Una vez, en la casa ajena en la que pasamos diez días de vacaciones, tuvimos a disposición las elecciones de otros. Desconocidos.

Estaban ahí sus perfiles de Netflix, el rastro de lo que habían visto, la lógica robótica de lo que podría gustarles. Ofrecido a nuestra curiosidad dispersa. Como Ricitos de Oro, teníamos esos platos redondos para probar. Creo que elegí el de Mamá Osa. Por suerte, había un montón de programas que yo no hubiera visto nunca. Mucho reality. Uno de ellos, el que puse, se llama: ¿Es pastel?, y junta a un grupo de cocineros que se dedican a armar tortas que parecen cosas. En el capítulo que vi: ropa, zapatillas, carteras. Los pasteles se mezclan después con objetos verdaderos y los participantes tienen que adivinar cuál es la cosa y cuál la torta. De ahí el nombre inequívoco: ¿Es pastel?.

Viéndolo, me acordé de los “faros apagados”. Esas palabras que no son en realidad palabras, pero parecen. Una variante algo más snob de este juego, menos entretenida, supongo, además, podría llamarse “¿Es palabra?”. No considero que haya nadie tan tonto como para hacerlo.

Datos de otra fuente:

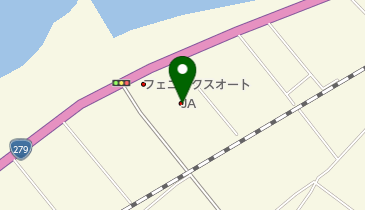 ゆうき青森農業協同組合らくのう支所の地図画像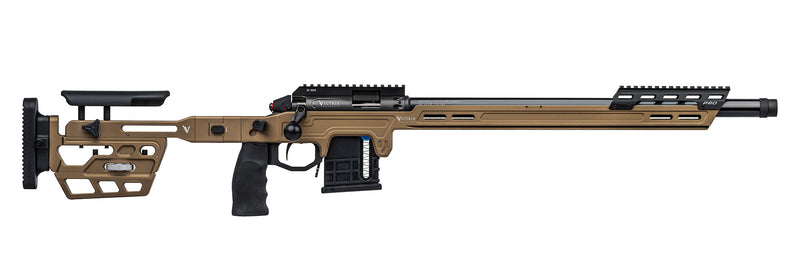 Victrix ORB SB .22 LR in Burnt Bronze, right side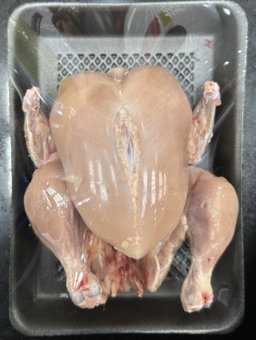 Fresh Chicken whole (1000g-1200g) دجاج طازج بدون تقطيع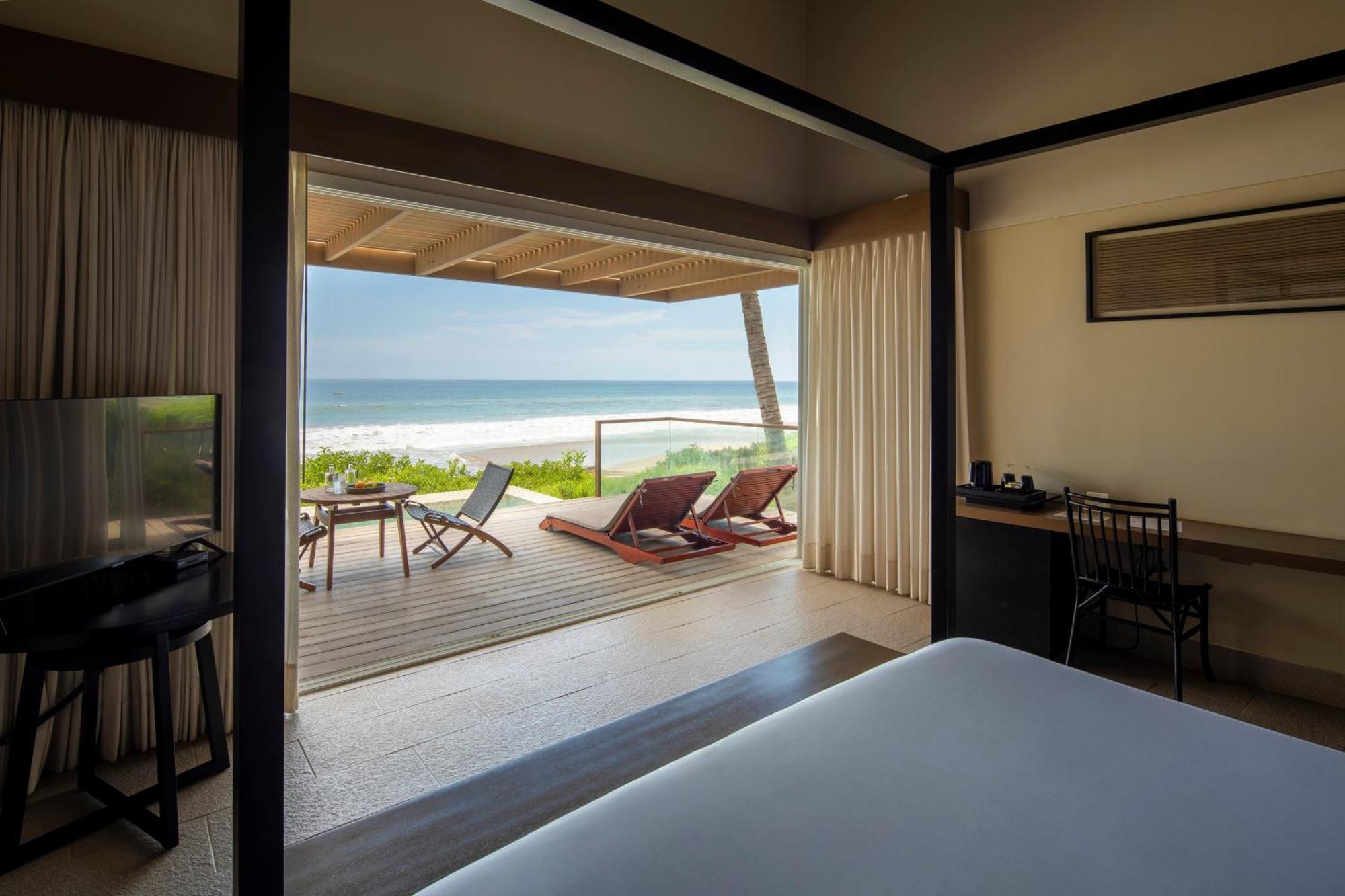 Arennas Mancora Hotel Eksteriør billede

En todo caso, otro pensamiento: ¿Cuál es la palabra para nombrar lo que no llegamos a entender si es una cosa o es otra; si lo que vemos es cierto o se está imitando a sí mismo? Cuando algo no es del todo lo que parece, cuando no puedo asegurar ni decir con certeza, ahora adopté esa costumbre (temporaria, por supuesto. Supongo que durará unas semanas): digo “¡Es un pastel!”.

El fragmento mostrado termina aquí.